People tell us that the main road is just 5 minutes from here and from there it is only 5km to Kampong Thom. We leave and ride the little remaining distance to the Arunras Hotel, where we have a reservation for these smart rooms with balcony on the top floor.

The last kilometers to Kampong Thom.

We are coming on this dirt road and it is here where it meets the national road, pretty accurately 5km south of Kampong Thom.

This sign reads “6” (like in national road 6) and, below, “Staung 85”.

After some rest and a shower we meet Vothear, my long time friend and guide in Kampong Thom, for diner. He is getting married next weekend. During our discussion it emerges that Maraile will return to Phnom Penh tomorrow morning, while Vothear and I proceed to Stung Treng, via Preah Vihear Province.

Smart hotel room

Views from the balcony

16 thoughts on “Kampong Chhang to Kampong Thom via the Dry Tonle Sap Flood Plains”

  1. First, I felt worried about the resumption from the temple’s gate in Kampong Chnang that you might lost your way and got in a dangerous area.
    The kid you cradled is so cute! Great adventure, anyways :o)

  2. Dear Stefan,

    We are glad that you are having good time in Cambodia. We are from the Ministry of Foreign Affairs & International Cooperation, and would like to share with your about e-Visa, where Visa to Cambodia could be applied online without visiting the embassy.

    We would like to share with you our recent collaboration with Travelfish where you could get a complimentary eGuide when apply for your travel Visa online. In conjunction with this, we would like to send a copy of the eGuide to your email, and hopefully you could share with us whether the eGuide was helpful?

    Thanks and best regards,
    e-Visa Consultant
    Ministry of Foreign Affairs and International Cooperation
    Kingdom of Cambodia

  3. Dear Jian,

    Apologies for my late response. I would be delighted if you could sent me your eGuide and will gladly share my comments with you.


  4. Hello from Spain!! This is a great blog. You have discovered many things of Cambodia that i didn’t know.

    Thank you for this and keep in that way!!!

    Congratulations for the blog and greetings

  5. Hello from Spain!! This is a great blog. You have discovered many things of Cambodia that i didn’t know.

    Thank you for this and keep in that way!!!

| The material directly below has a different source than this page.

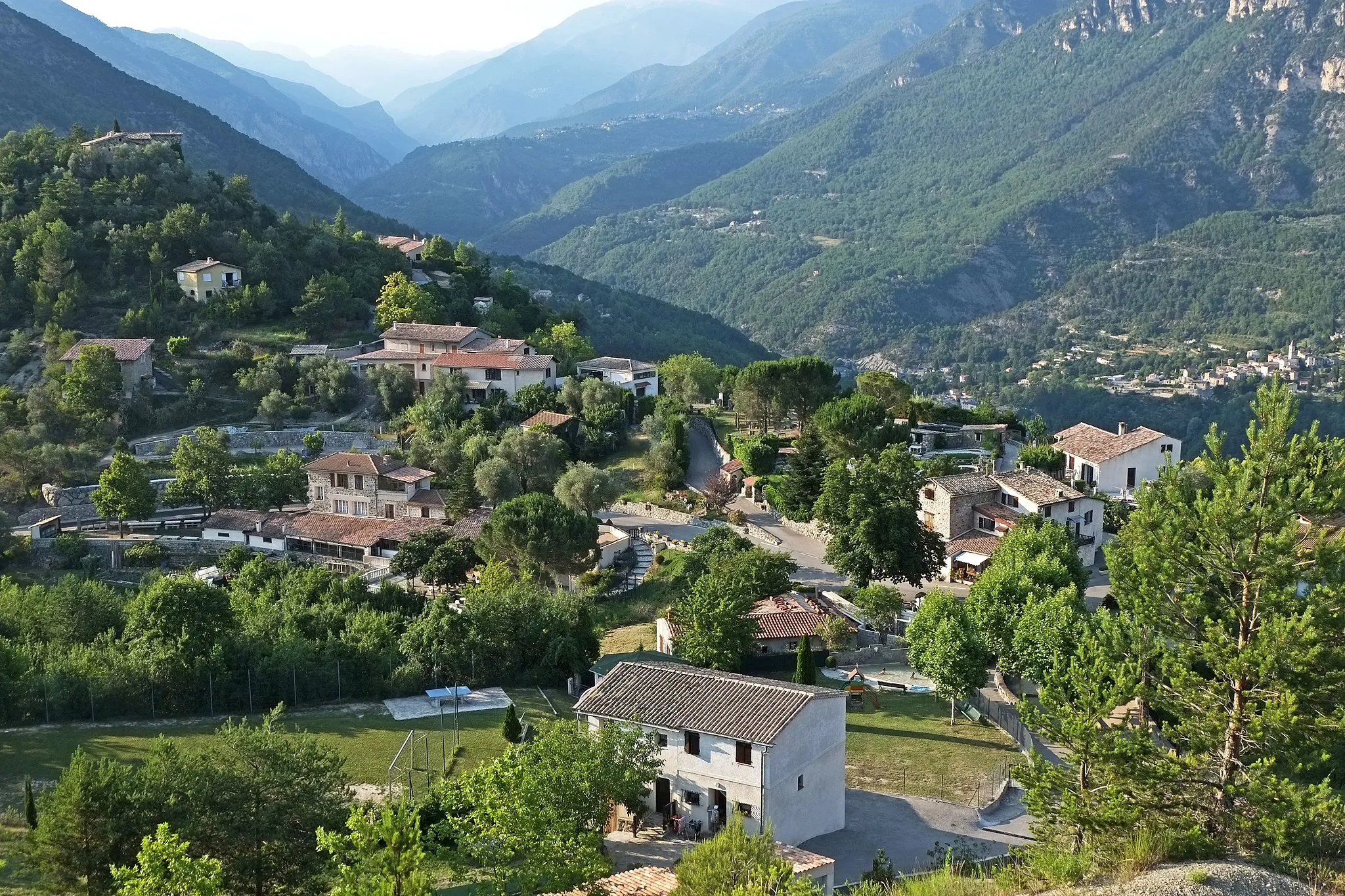 Photo showing: Vue du village de Tournefort depuis le chemin du Vieux Village.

    Congratulations for the blog.


  6. Hello from Japan! Perhaps I was as glad to see the National Road 6 marker as you were at the time. Probably not though 🙂 I’ve actually been looking quite a while for a picture of such a marker so I have a better idea of the shape around the number. This will greatly help my ongoing project to locate, research, travel to and photograph the world’s roads named “42,” found on my webpage linked above. I suspect Cambodia’s 42 is unmarked, since different maps put it in different places. It branches off Road 4 from somewhere, though. Anyhow, I’ve enjoyed reading of your adventures so far!


  7. Hi… I came across your blog while searching for Cambodia information. I plan to go to Cambodia next month but I’m confused about the currency. I heard they use both USD and riel. Is that true? And I came across a site which we can apply visa online http://evisa.mfaic.gov.kh/ I wonder it is secure and reliable? Please guide.. Thanks..

  8. Hy from Italy, I’m planning a trip in Cambodia for March, I would like to know if (and where) you have rent the Motorbike. Do you think it’s good to ride one Motorbike in two (my friend do not have driving license), choosing safe roads…

  9. Wow, such a wonderful experience. I hope join you in one of such trip.

  10. Hey Stefan,

    I came across your website and have followed through your adventurous trip throughout Cambodian countryside. I was born in Cambodia and currently living in Canada since 1980s. Based on the description of your trip, I believed ½ way en route from Kampong Chhnang to Kompong Thom was my escape route in early 1977 during the killing fields. It ‘s a déjà vu for me when viewing your photographs. What a fantastic website you are doing here. It’s really interesting to read. I missed the countryside landscape of Cambodia. Good job Stefan


  11. Hi Wayne,

    Many thanks for your kind words. It gave me a shiver to read that this track was your escape route. I am glad you made it!

    Hope to meet in person one day, probably in Cambodia.